- Exercise description
Retype the data that follows exactly. No pictures belong in the copy.

START Dataset

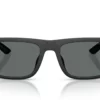 Emporio Armani  EA4267U Mörkgrå polariserad vid EyeWearThese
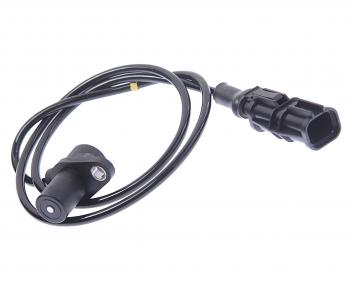 7 699 р. Датчик положения коленвала MAN BOSCH BOSCH 0281002427  с доставкой в г. Кемерово. Увеличить фотографию 1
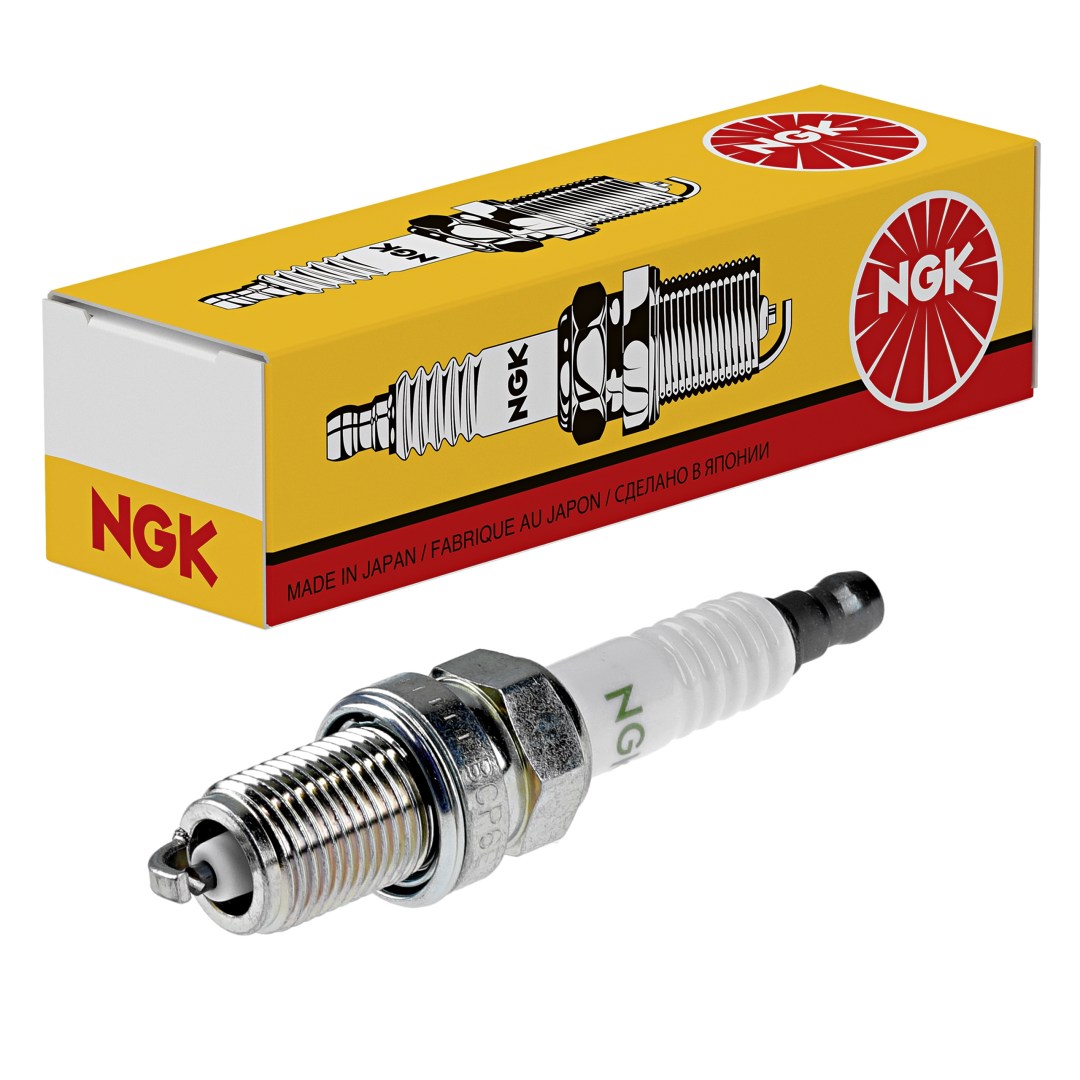 Spark plug NGK 3901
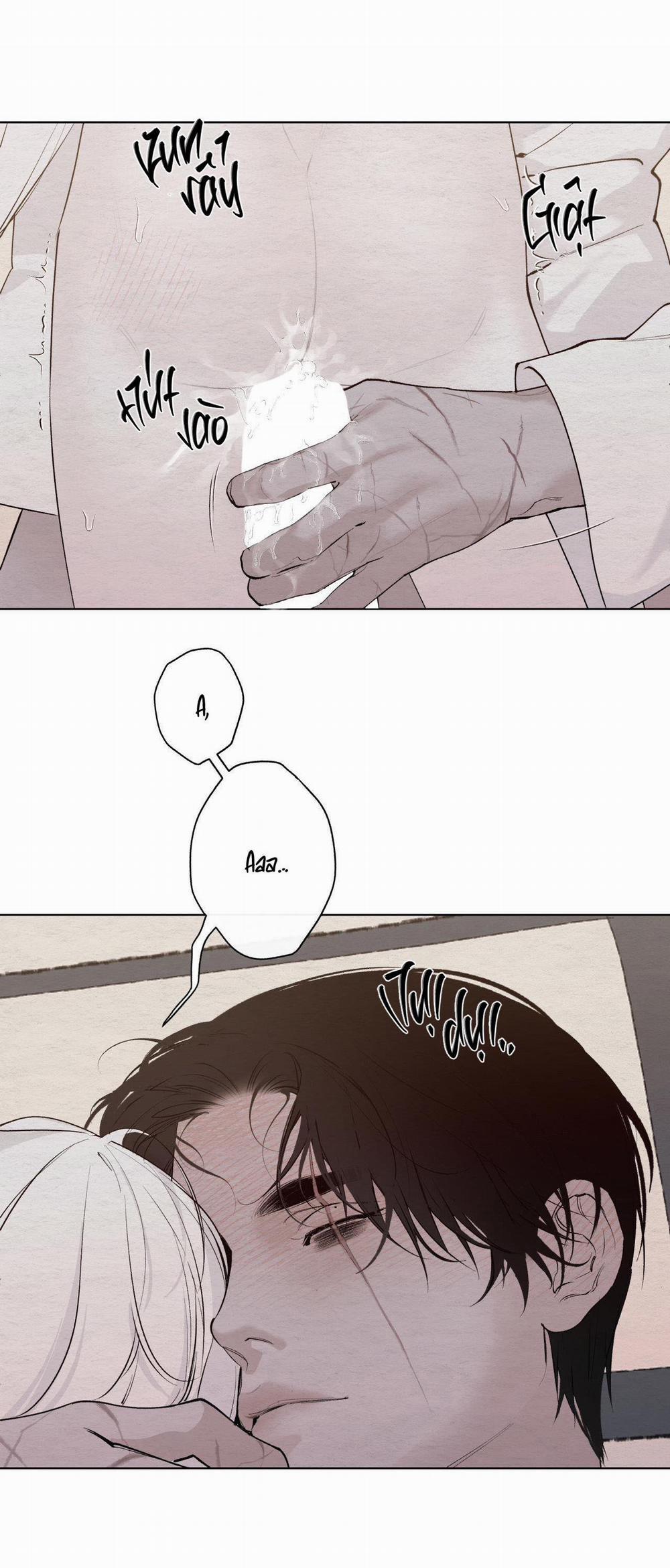 (Cbunu) Lạc Hồn 15 H+ trang 11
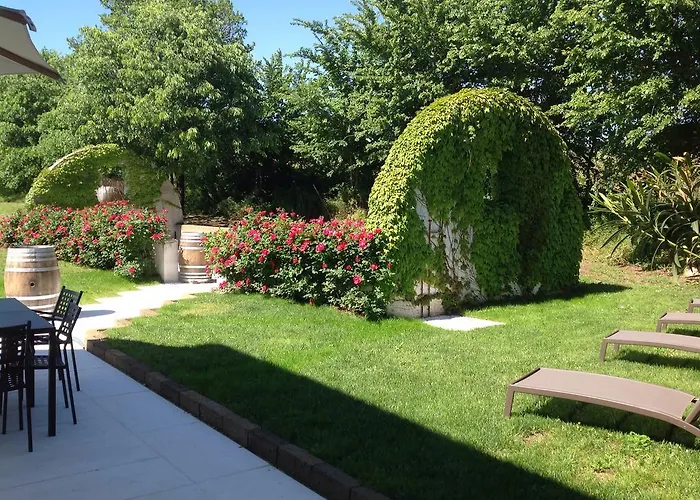 I Mischi Castelnuovo del Garda
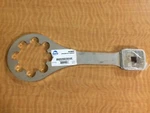 Sierra Spanner Nut Wrench 18-9803. Fixed Price $65.00.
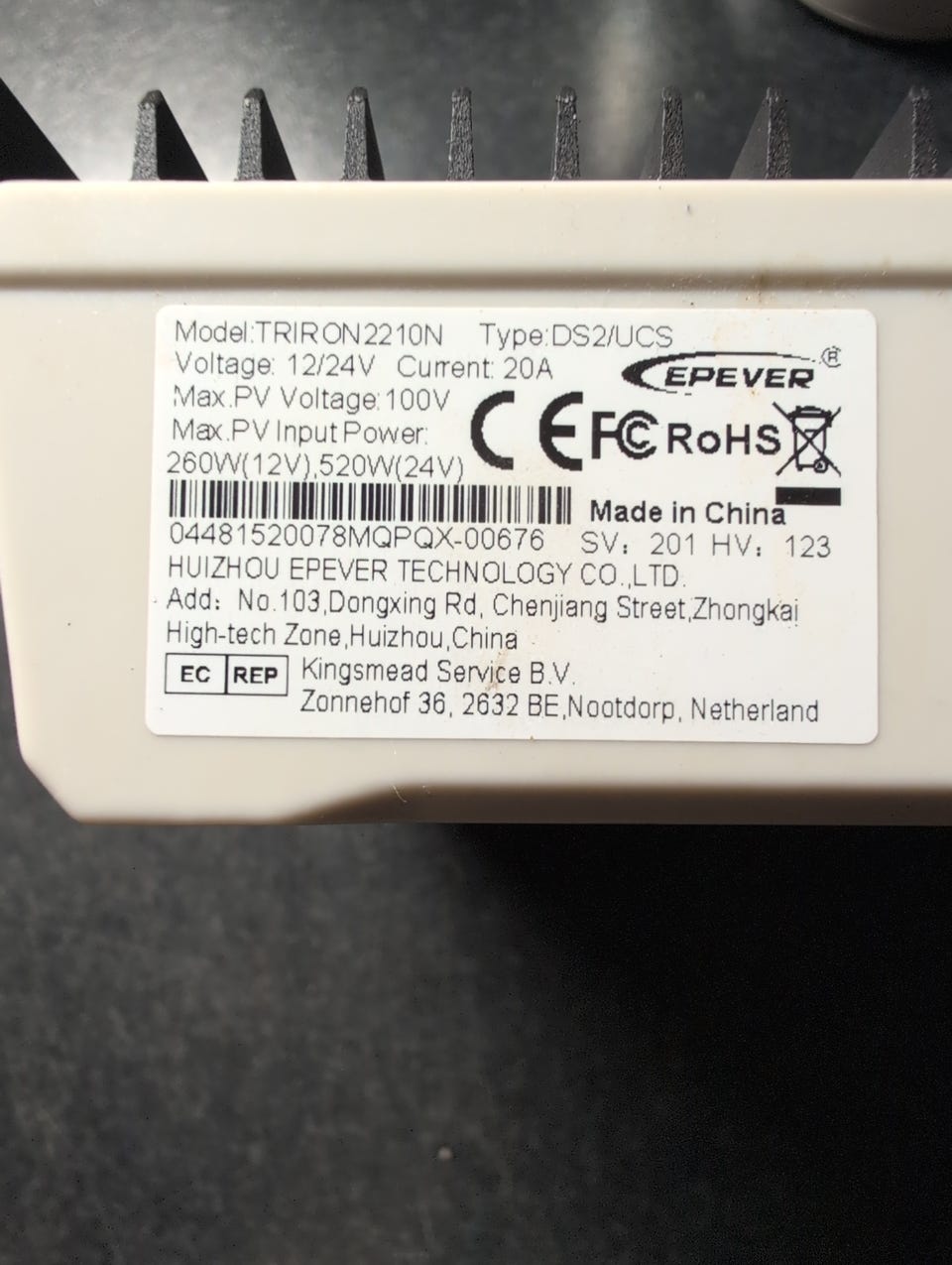 Product image 2 of 2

END Dataset

- Written solution
 Emporio Armani  EA4267U Mörkgrå polariserad vid EyeWearThese
 7 699 р. Датчик положения коленвала MAN BOSCH BOSCH 0281002427  с доставкой в г. Кемерово. Увеличить фотографию 1
 Spark plug NGK 3901
 (Cbunu) Lạc Hồn 15 H+ trang 11
 I Mischi Castelnuovo del Garda
 Sierra Spanner Nut Wrench 18-9803. Fixed Price $65.00.
 Product image 2 of 2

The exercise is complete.